Participants 263 450 participants (106‚ÄČ674 (52%) women; mean age 52.6), recruited from 22 sites across the UK. The exposure variable was the mode of transport used (walking, cycling, mixed mode v non-active (car or public transport)) to commute to and from work on a typical day.

Main outcome measures Incident (fatal and non-fatal) CVD and cancer, and deaths from CVD, cancer, or any causes.
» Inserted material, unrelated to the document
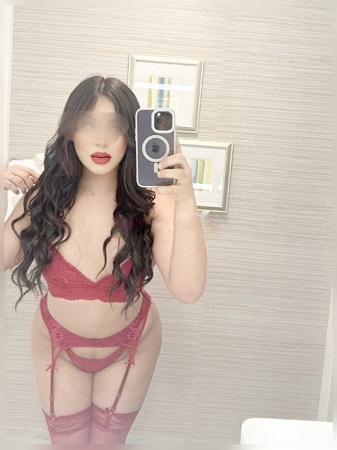 Julia — İstanbul escort ilan fotoğrafı 4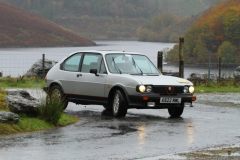 2025_Autumn_Leaves_-150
Results 2430 participants died (496 were related to CVD and 1126 to cancer) over a median of 5.0 years (interquartile range 4.3-5.5) follow-up. There were 3748 cancer and 1110 CVD events. In maximally adjusted models, commuting by cycle and by mixed mode including cycling were associated with lower risk of all cause mortality (cycling hazard ratio 0.59, 95% confidence interval 0.42 to 0.83, P=0.002; mixed mode cycling 0.76, 0.58 to 1.00, P<0.05), cancer incidence (cycling 0.55, 0.44 to 0.69, P<0.001; mixed mode cycling 0.64, 0.45 to 0.91, P=0.01), and cancer mortality (cycling 0.60, 0.40 to 0.90, P=0.01; mixed mode cycling 0.68, 0.57 to 0.81, P<0.001). Commuting by cycling and walking were associated with a lower risk of CVD incidence (cycling 0.54, 0.33 to 0.88, P=0.01; walking 0.73, 0.54 to 0.99, P=0.04) and CVD mortality (cycling 0.48, 0.25 to 0.92, P=0.03; walking 0.64, 0.45 to 0.91, P=0.01). No statistically significant associations were observed for walking commuting and all cause mortality or cancer outcomes. Mixed mode commuting including walking was not noticeably associated with any of the measured outcomes.

Conclusions Cycle commuting was associated with a lower risk of CVD, cancer, and all cause mortality. Walking commuting was associated with a lower risk of CVD independent of major measured confounding factors. Initiatives to encourage and support active commuting could reduce risk of death and the burden of important chronic conditions.